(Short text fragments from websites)
--- --- ---

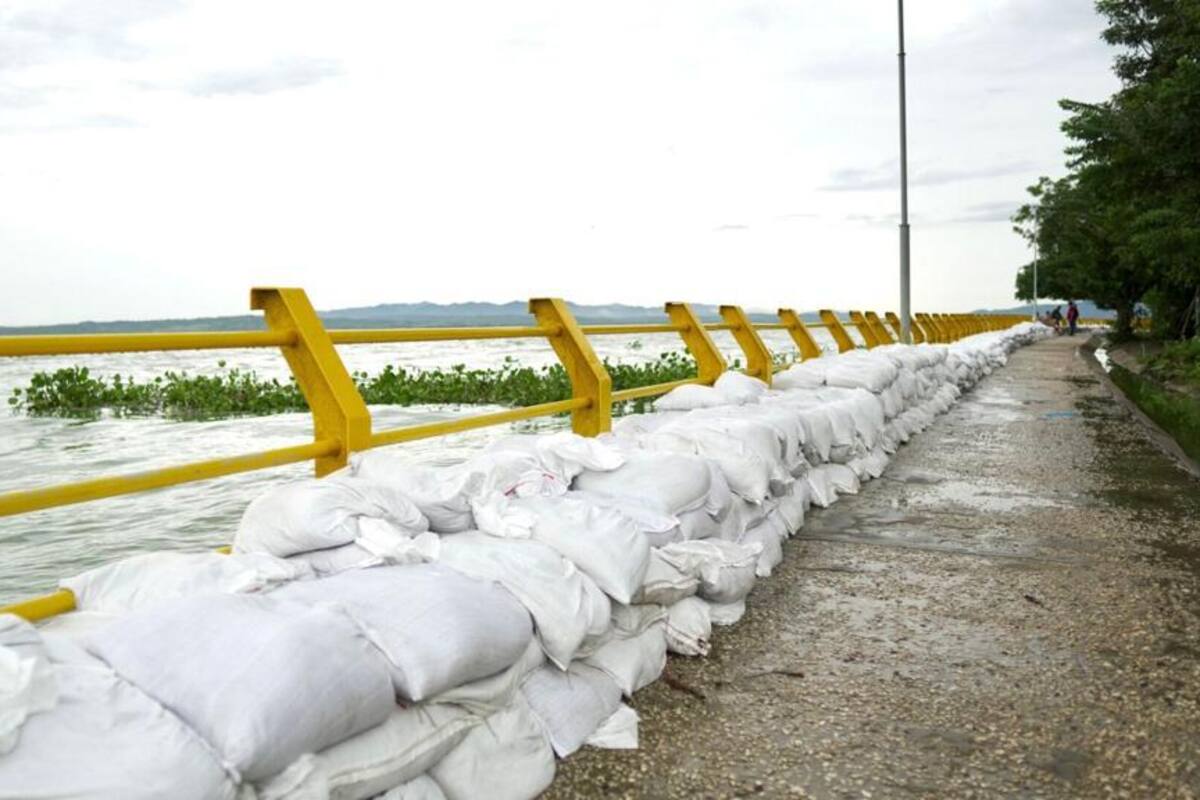 Con sacos se mitiga riesgo de inundación por el Embalse El Guájaro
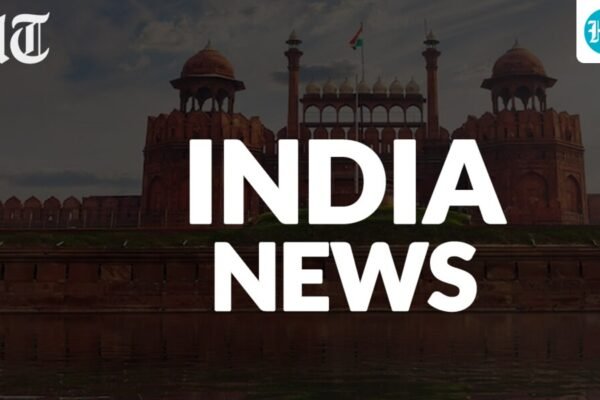 सुप्रीम कोर्ट में पेपर लीक के खिलाफ छात्रों का प्रदर्शन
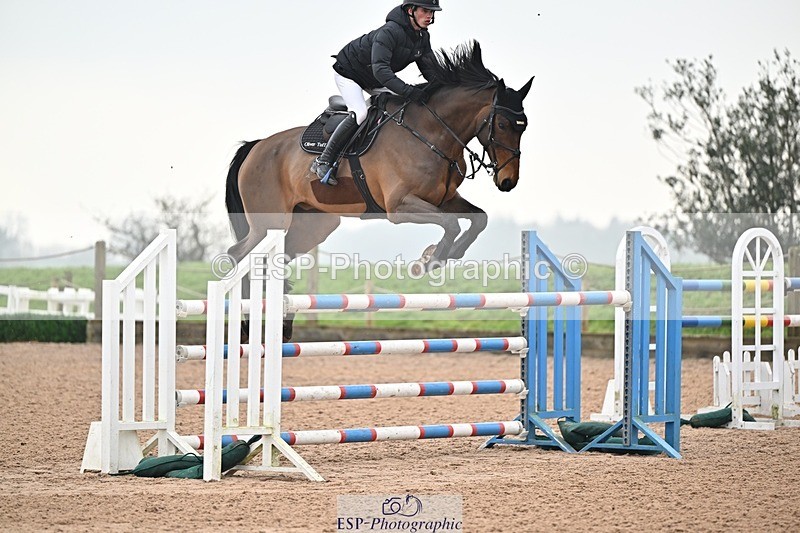 250122-143345-00663 - Cls 6 Foxhunter and 1.20m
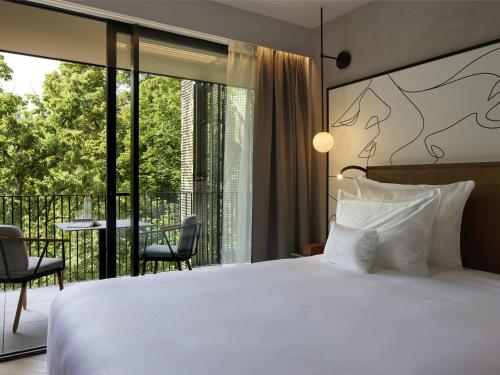 Deluxe King Room with Balcony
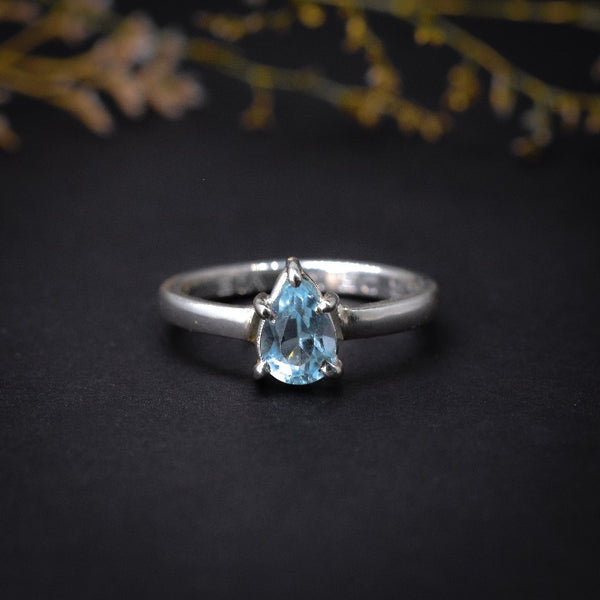 Anillo de compromiso con topacio natural elaborado en oro blanco de 14 kilates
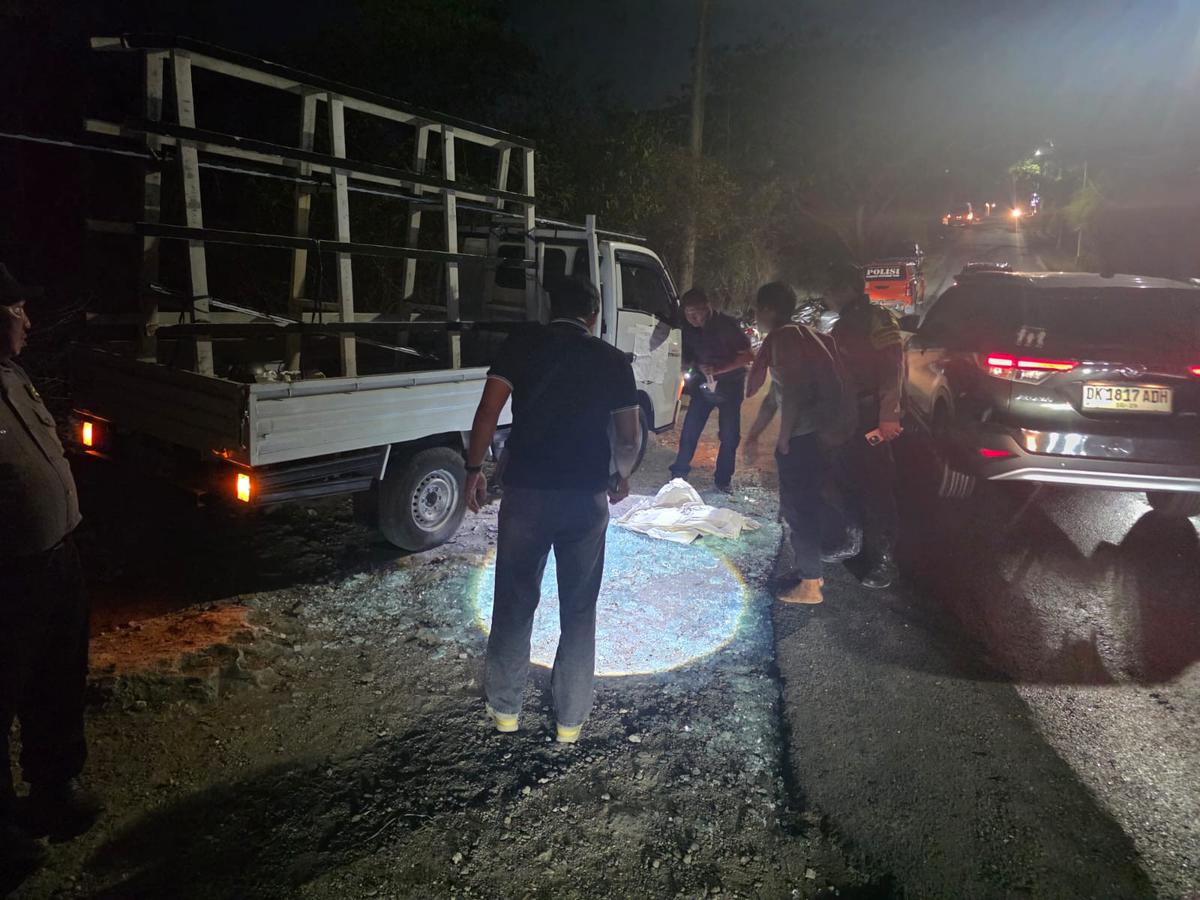 Kepolisian cek tkp buruh meninggal tertimpa 8 lembar kaca. (Dokumentasi Polresta Denpasar).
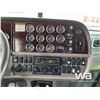 Image 9 : 2013 PETERBILT 367 TRI/A SLEEPER TANK TRUCK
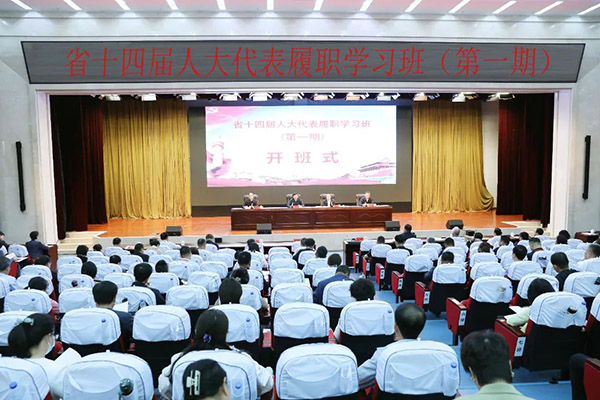 持之以恒抓学习 练好履职“基本功”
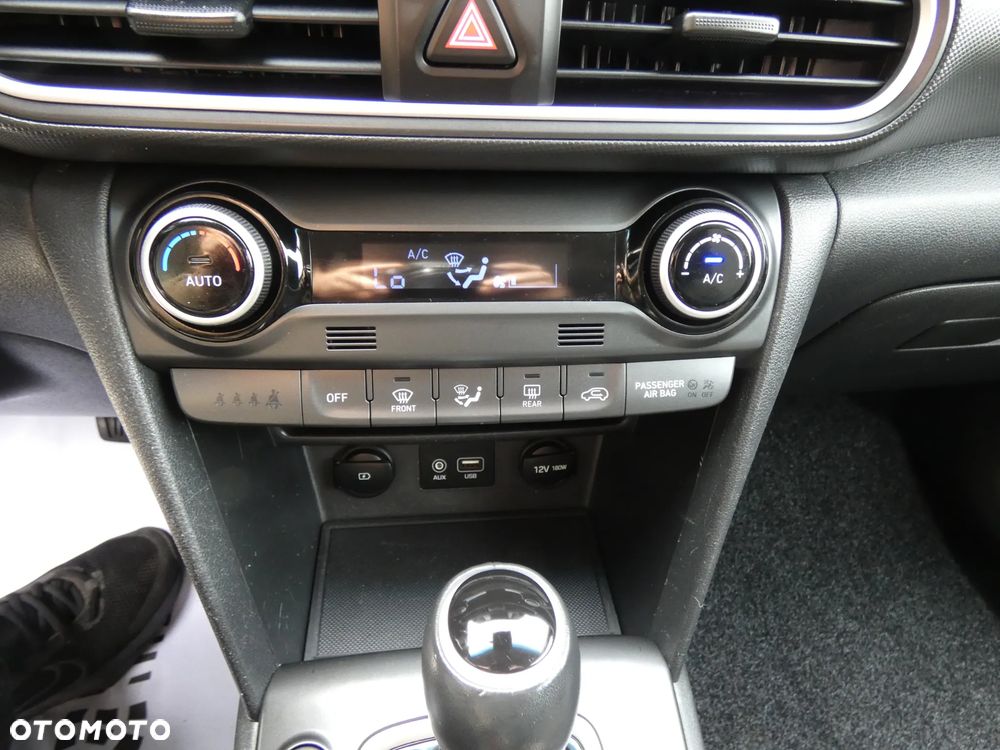 Hyundai Kona 1.6 T-GDI Premium DCT - 24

--- --- ---

Return the data exactly. Pictures stay out.

 Con sacos se mitiga riesgo de inundación por el Embalse El Guájaro
 सुप्रीम कोर्ट में पेपर लीक के खिलाफ छात्रों का प्रदर्शन
 250122-143345-00663 - Cls 6 Foxhunter and 1.20m
 Deluxe King Room with Balcony
 Anillo de compromiso con topacio natural elaborado en oro blanco de 14 kilates
 Kepolisian cek tkp buruh meninggal tertimpa 8 lembar kaca. (Dokumentasi Polresta Denpasar).
 Image 9 : 2013 PETERBILT 367 TRI/A SLEEPER TANK TRUCK
 持之以恒抓学习 练好履职“基本功”
 Hyundai Kona 1.6 T-GDI Premium DCT - 24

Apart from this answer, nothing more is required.